Вы можете приобрести книги, не сходя с дивана, в "Озоне" и "Лабиринте".

Вторник, 30 апреля.

После тщетных попыток изловить Луначарского для беседы, вынужден написать ему следующее послание:

«Многоуважаемый Анатолий Васильевич!

Решаюсь обеспокоить Вас этим письмом в виду невозможности (фактической) нам с Вами повидаться и потолковать так, как я бы этого желал и как уже давно того требуют обстоятельства. Впрочем, хочу надеяться, что, по прочтении этого письма, Вы все же захотите мне разрешить развить затрагиваемые темы более подробно и основательно при личном свидании, но и тогда высказанное здесь послужило бы хорошей базой для нашей беседы. Имею до Вас два дела: одно вполне общего характера, другое – более частного, но тоже имеющего большое общественное значение. Первое касается изданного недели три тому назад и подписанного Вами декрета о снятии памятников, воздвигнутых в честь царей и их слуг и выработке проектов деятелям революции, второе – об Эрмитаже и его дальнейшем развитии.

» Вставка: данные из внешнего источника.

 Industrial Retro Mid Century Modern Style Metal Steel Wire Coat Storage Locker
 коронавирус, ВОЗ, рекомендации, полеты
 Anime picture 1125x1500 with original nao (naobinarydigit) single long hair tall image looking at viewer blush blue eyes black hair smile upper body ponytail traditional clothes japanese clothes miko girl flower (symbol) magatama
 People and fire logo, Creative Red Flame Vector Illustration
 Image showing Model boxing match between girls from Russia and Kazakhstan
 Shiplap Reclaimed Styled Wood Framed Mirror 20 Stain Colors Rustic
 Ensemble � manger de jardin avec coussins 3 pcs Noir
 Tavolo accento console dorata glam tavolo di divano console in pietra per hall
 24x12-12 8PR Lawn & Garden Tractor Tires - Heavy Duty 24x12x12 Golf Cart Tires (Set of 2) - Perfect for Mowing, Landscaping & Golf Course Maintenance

Декрет очень поспешный и беспощадный, сродни необдуманной статье «Идолы самодержавия» А. Амфитеатрова, требующей немедленно удалить подлинные скульптурные шедевры с городских площадей и улиц и выставить взамен их скороспелые поделки. Это значить превратить прекрасный город в ужасающий, уродливый рассадник безвкусия, как это уже было во времена Великой французской революции в Париже вместо – прекрасных произведений город получил уродливые поделки.

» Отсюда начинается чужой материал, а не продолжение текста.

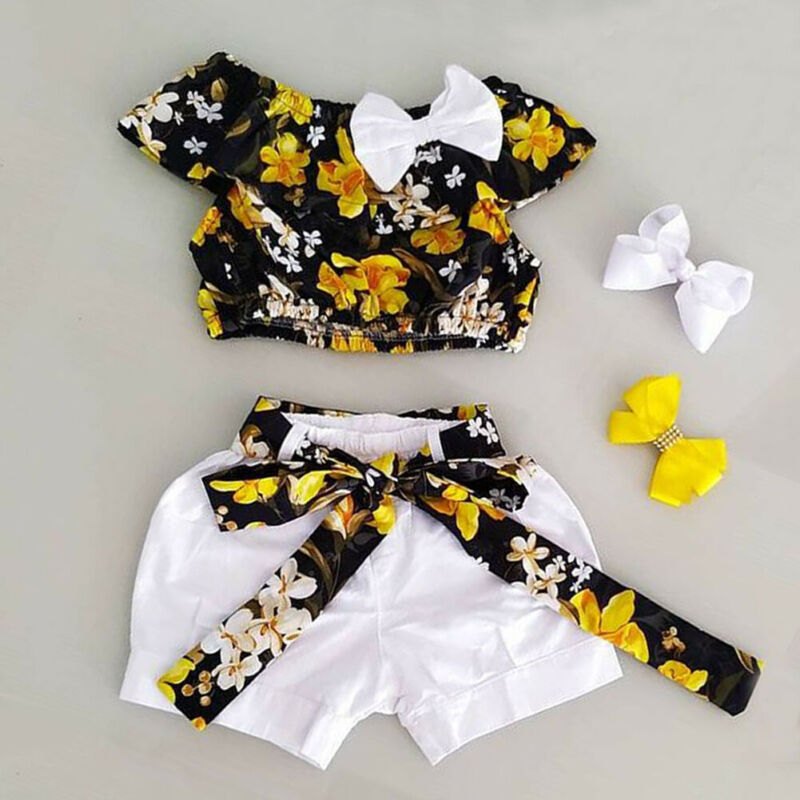 Baby Kid Girls Summer Floral Top T-shirt Solid Short Pant 2 Piece Set Outfits Set The Clothing Company Sydney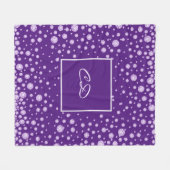 Couverture Polaire Carreau pourpre monogramme initiales violet (Devant (Horizontal))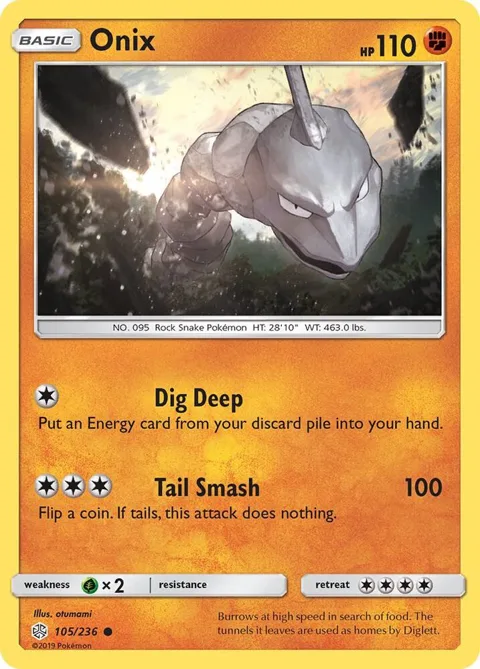 Onix #105/236 Pokémon card from SM - Cosmic Eclipse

Прежде чем идти к Вам, я должен разъяснить, что я защищаю. Я главным образом защищаю художественно-историческую ценность памятников. Декрет же взывает во имя революционных целей сносить подлинные шедевры. Это грозит тем, что мы лишаемся самых прекрасных вещей и получим посредственные ансамбли, как в Берлине в честь курфюрстов – мраморные поделки. Вот этого я никак не могу понять, за что мы будем себя сами обижать и обкрадывать? Зачем мы станем губить ту красоту, которая досталась нам в наследство, а не будем беречь ее, чтобы пользоваться ею? Ведь вся красота и Петербурга, и Москвы, и отчасти Парижа – «произведения царизма», что же во имя прекрасных революционных идей нам нужно начать с того, чтобы повыбросить всю эту «чужую ветошь», которая недостойна обслуживать народ, добывший себе свободу?

Не так-то просто родить шедевр. Мало для этого высоких лозунгов, нужна еще сложившаяся культура, нужно накопление опыта, нужна проверка, нужны традиции. С одними храбрыми фразами на устах и с пустотой в руках перед новым поворотом истории не создашь шедевра.

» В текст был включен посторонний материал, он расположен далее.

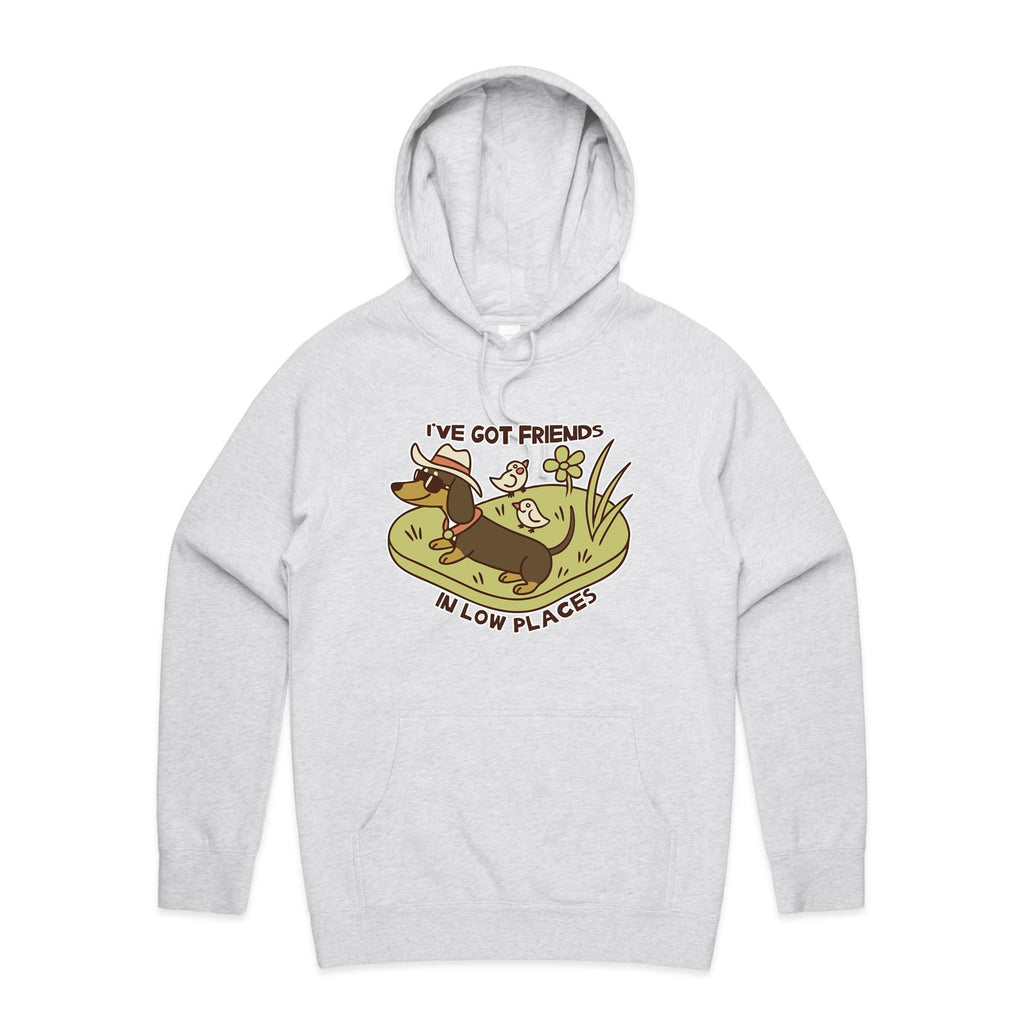 Dachshund, I've Got Friends In Low Places Men's AS Colour Hoodie White Marle Mens Hoodie animal Printed In Australia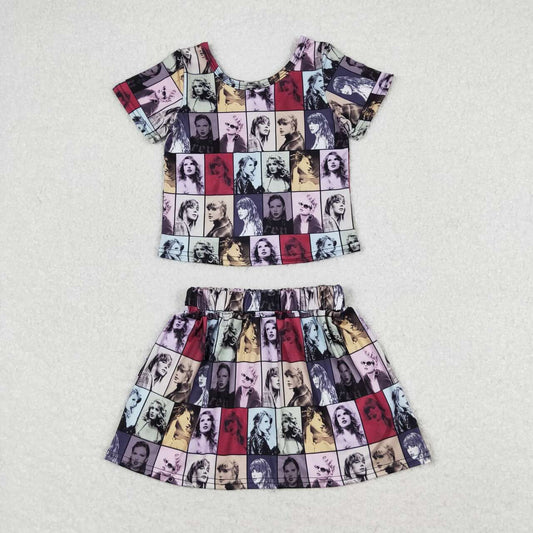 GSD1124 Singer Swiftie Print Girls Summer Skirts Clothes Set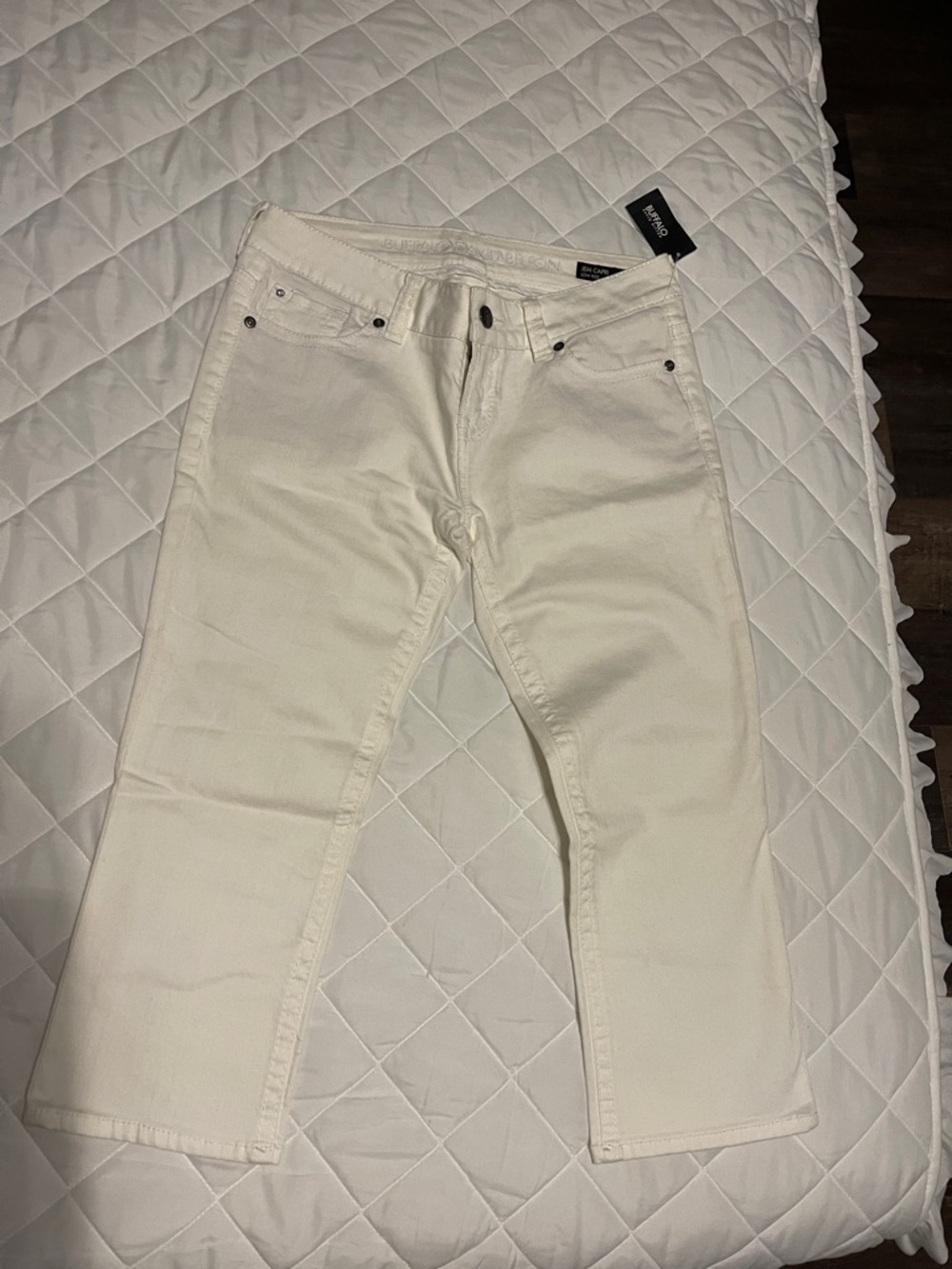 Buffalo David Bitton Off-White Cropped Straight Jeans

И, наконец, об Эрмитаже. Мы уже не раз с Вами беседовали о судьбах этой величайшей в мире сокровищницы, ее следует облагородить, ликвидировать лакуны в ряде живописных школ, а сейчас главное не упустить возможность расширить экспозиционные залы за счет помещений Зимнего Дворца.»

 

Написал следующее письмо А. М  Горькому.

Дорогой, Алексей Максимович, я попросил Гржебина снять мою фамилию со списка сотрудников «Новой жизни». Не удивляйтесь этому решению. Я не стану перед Вами лукавить и оправдываться. Я ушел из газеты не по убеждению, а по малодушию. С первого же дня все близкие люди не давали мне покоя за то, что я «участвую в большевистском органе». Но это только забавляло меня пока доброжелатели и другие не прибегли к более хитроумному приему, распространяться о котором мне в письме не хочется. К этому вопросу прибавляется и то, что я все больше и больше отхожу от того круга, в котором провел всю жизнь, так и не оказался способным примкнуть к новым своим товарищам, как назло и Вас здесь не оказалось. Я убежден, что Ваше слово и Ваша опора помогли бы мне найти большую устойчивость. А так, представленный исключительно себе, лишенный всякой поддержки какой-либо группы или партии (ведь я никакой социалист и в социализм не верую, не могу веровать), понуждаемый всеми теми, кого я вижу ежедневно и которых я, несмотря ни на что, по застарелой привычке, люблю, я не устоял и, наконец, простился с «Новой жизнью». За последние полтора месяца я уже и не писал ничего и это привело от «интриги друзей» в тот момент, как безумие войны вступило в какой-то новый фазис и вовлекло в свою ложь новые категории людей. С тех пор исчезла возможность говорить о мире, так как я это понимаю – вне партийных лозунгов и хитрений и в стороне от назревающей войны классов[1], и я почувствовал, что мне нечего больше говорить современникам и что мне лучше уйти совсем в свое личное художественное творчество. Увы, и тут едва ли дадут сосредоточиться. По всему видно, что готовятся какие-то пятые акты идиотской трагедии, разыгрываемой на нашей планете, и эти катастрофические развязки могут прямо вырвать всю культуру с корнем, развеять ее служителей по ветру, загубить все накопленное и воспитанное!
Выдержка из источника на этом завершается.